The present invention includes a vehicle body on which a container is mounted,
An arm device having a base end portion rotatably connected to the vehicle body, a midway portion that can be bent by rotation, and a distal end portion that is movable back and forth, and a rotation operation to the arm device A loading device for applying a driving force for the vehicle, and when loading and unloading the container with respect to the vehicle body, a loading vehicle with a front-back movement of the tip of the arm device,
A locking device having an engaging portion for restricting the rotation of the arm device;
An operating device for switching the operating state of the engaging portion of the locking device in conjunction with the longitudinal movement of the tip of the arm device;
A lock detection sensor for detecting an operating state of the engaging portion of the locking device;
And a control device that controls whether or not the drive device is operable based on a detection result of the lock detection sensor.

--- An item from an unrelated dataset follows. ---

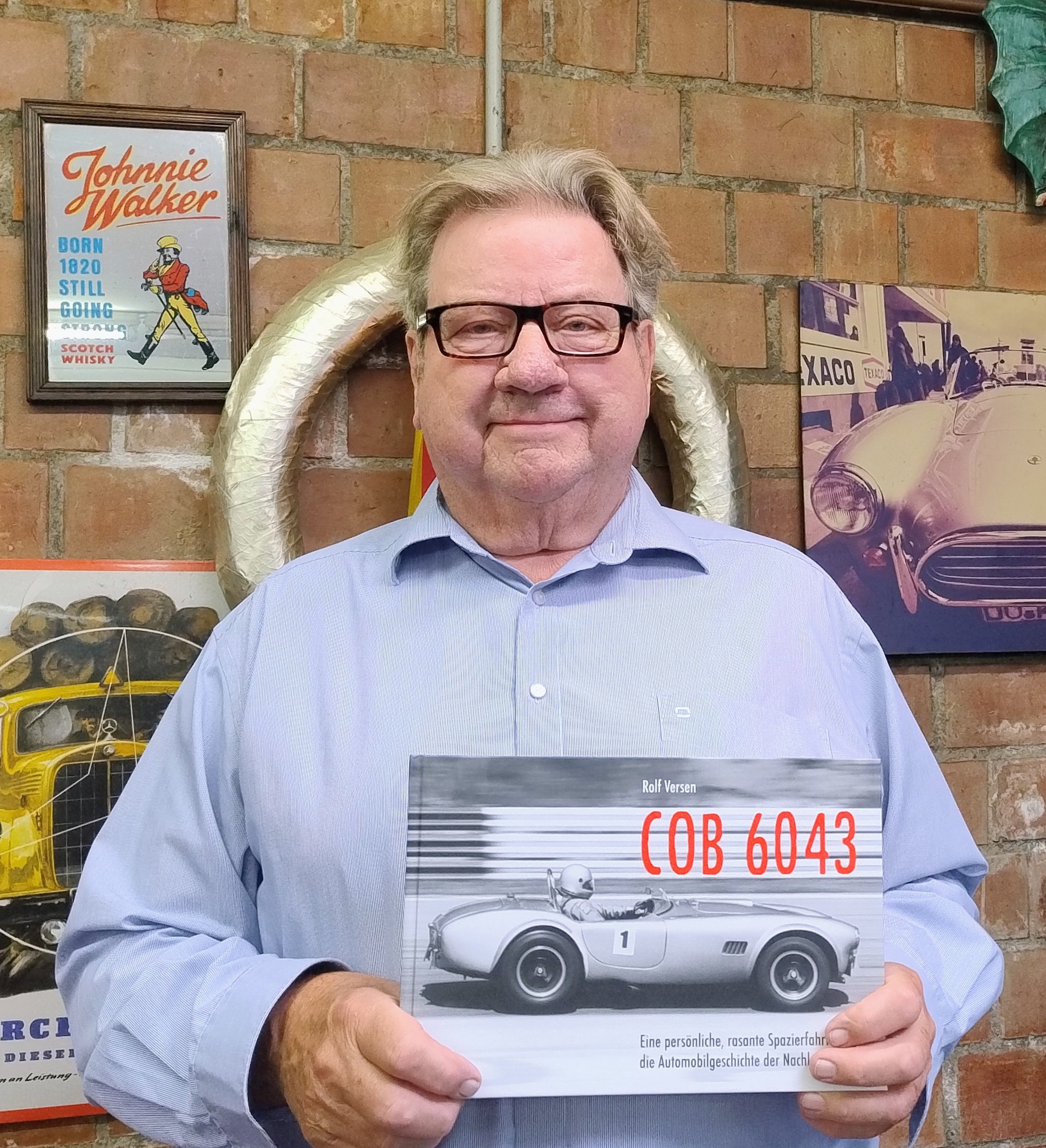 Rolf mit Buch dt 2 1 Kopie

  According to this, when the container lowering operation is performed, when the distal end portion of the arm device is moved backward, the lock device is switched between the locked state and the unlocked state by the operating device in conjunction with this movement. At this time, whether or not the lock device has been switched appropriately is detected by a lock detection sensor, and whether or not to operate the drive device is controlled by the control device in accordance with the detection result. Therefore, if the lock device is switched properly, the drive device can be allowed to operate and the arm device can be rotated to continue the container lowering operation. If the lock device cannot be switched properly, the drive The operation of the apparatus is prohibited and the container unloading operation is interrupted, so that the balance of the cargo handling vehicle can be prevented from deteriorating.

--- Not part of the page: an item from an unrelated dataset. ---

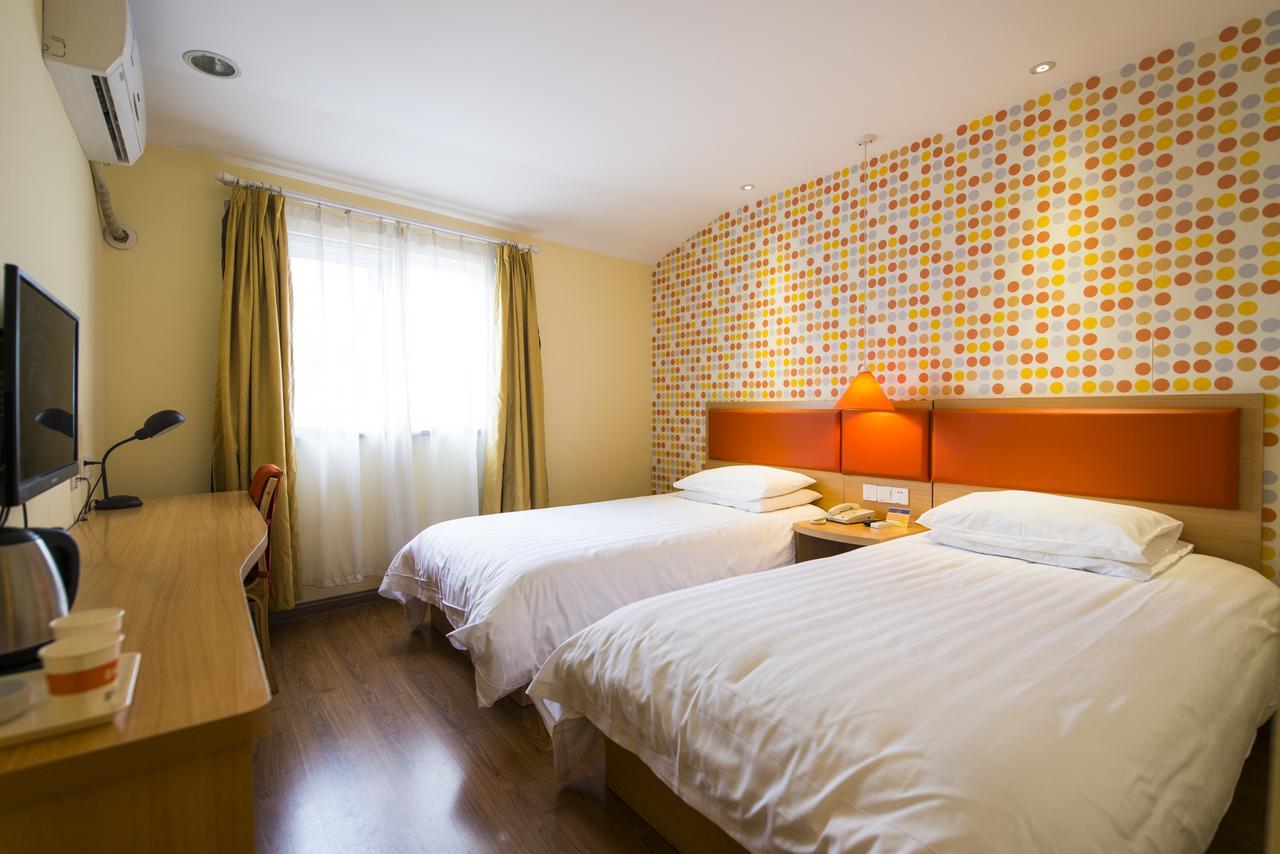 Home Inn Shanghai Railway Station North Square Экстерьер фото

The arm device includes a dump arm whose base end portion is rotatably connected to the vehicle body, a lift arm whose base end portion is rotatably connected to the dump arm, and a tip portion of the arm device And a hook arm connected to the lift arm so as to move back and forth,
The lock device includes a lift arm lock device having an engagement portion that locks rotation of the lift arm with respect to the dump arm,
The lock detection sensor includes a lift arm lock detection sensor that detects an operating state of an engagement portion of the lift arm lock device,
The operating device has a function of switching the engagement portion of the lift arm lock device from the locked state to the unlocked state when the hook arm moves rearward with respect to the lift arm,
The control device drives the drive when the hook arm moves backward with respect to the lift arm and the lift arm lock detection sensor detects the unlocked state of the engaging portion of the lift arm lock device. It is preferable to provide a function that permits operation of the apparatus.

  According to this, when performing container lowering operation | movement, it can prevent that a lift arm and a dump arm rotate integrally.

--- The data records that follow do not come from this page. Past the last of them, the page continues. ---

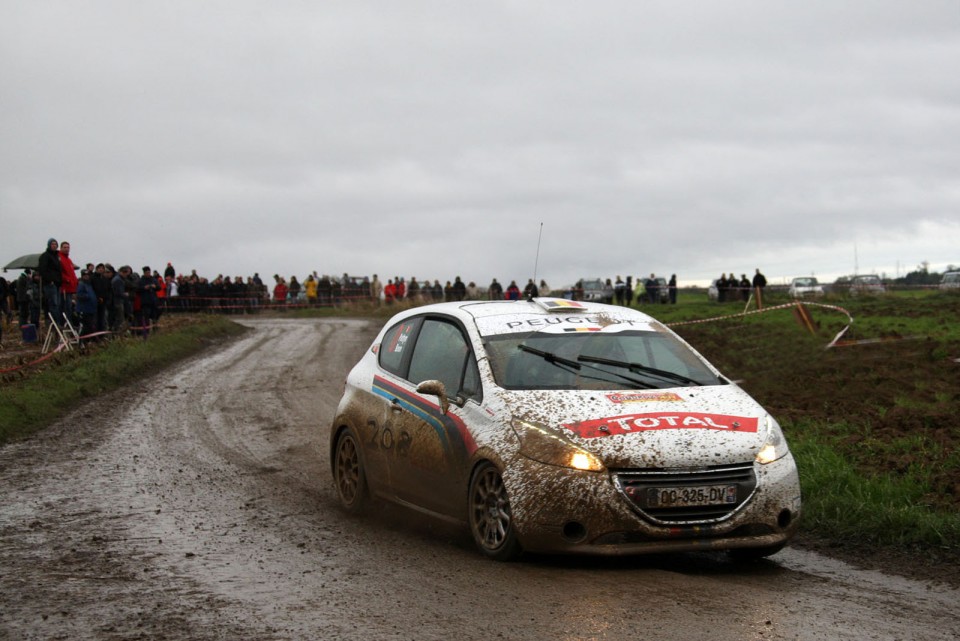 La Peugeot 208 R2 au Rallye du Condroz 2012 - 002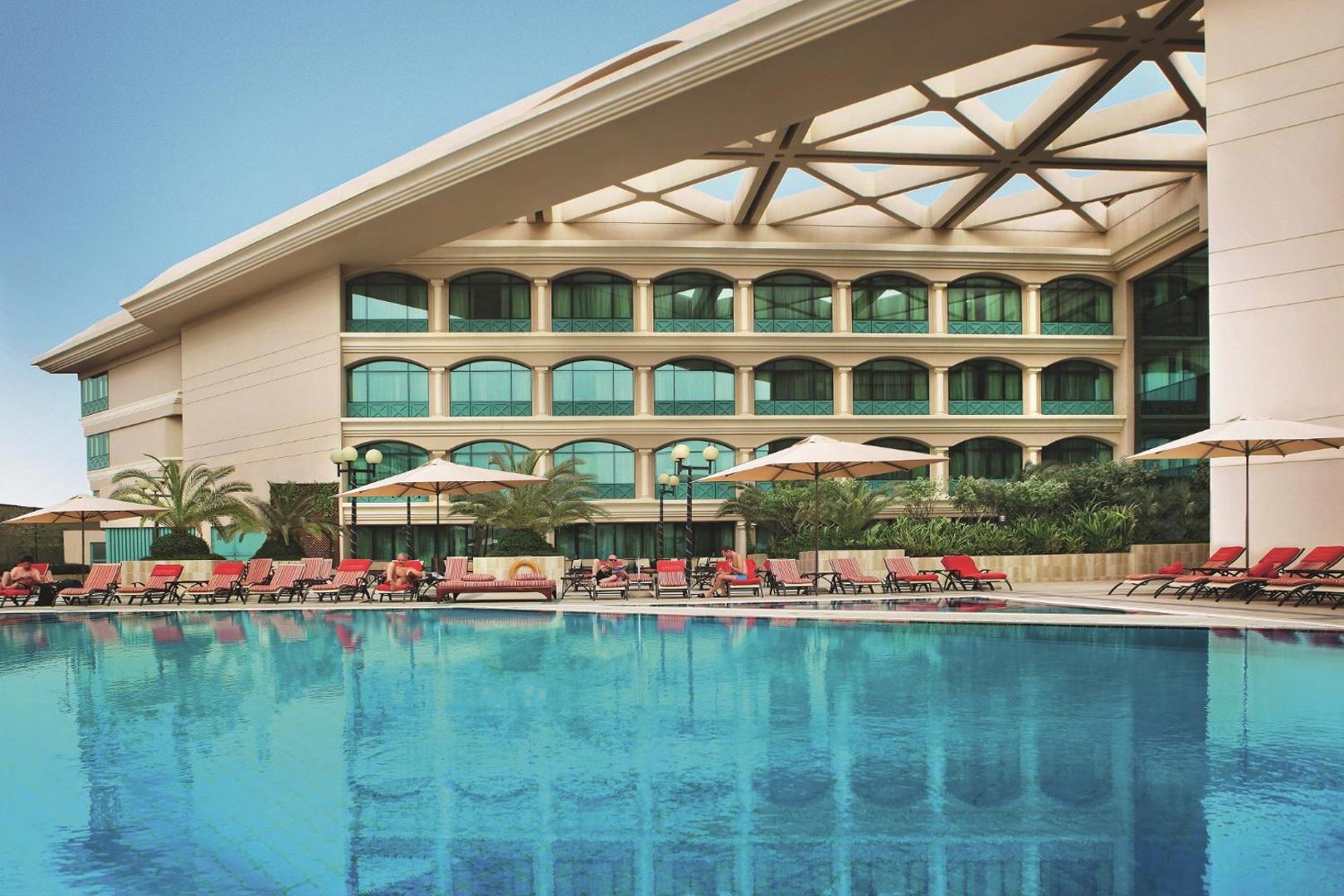 Mövenpick Dubai Grand Al Bustan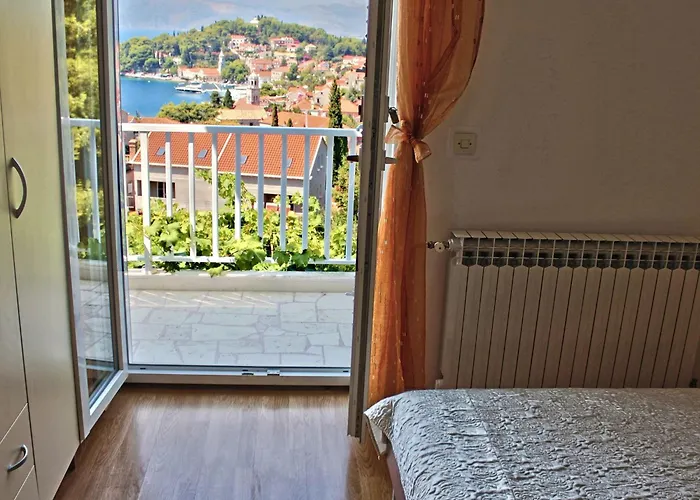 Siesta - Two-bedroom With Balcony And Sea View *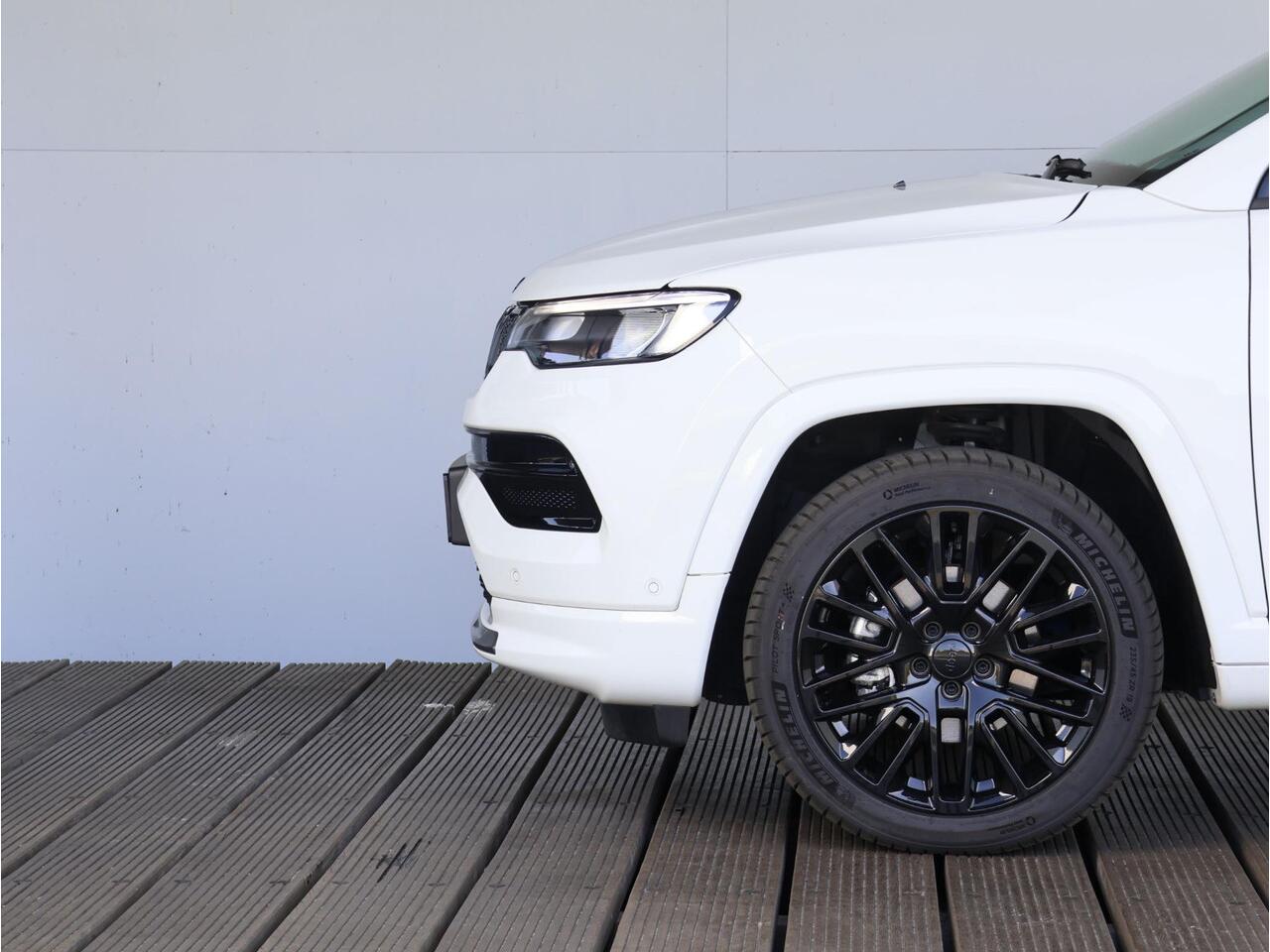 Jeep COMPASS 1.5T e-Hybrid High Altitude | 19 inch | 360 camera | Stoel-stuur verwarming | ACC |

In addition, the arm device includes a dump arm whose base end portion is rotatably connected to the vehicle body, a lift arm whose base end portion is rotatably connected to the dump arm, and a distal end portion of the arm device And a hook arm connected to the lift arm so as to be movable back and forth,
The lock device includes a dump arm lock device having an engagement portion that locks rotation of the dump arm with respect to the vehicle body,
The lock detection sensor includes a dump arm lock detection sensor that detects an operating state of an engagement portion of the dump arm lock device,
The operation device has a function of switching the engagement portion of the dump arm lock device from the unlocked state to the locked state when the hook arm moves rearward with respect to the lift arm,
When the hook arm moves rearward with respect to the lift arm and the dump arm lock detection sensor detects the locked state of the engaging portion of the dump arm lock device, the control device It is preferable to have a function of permitting the operation.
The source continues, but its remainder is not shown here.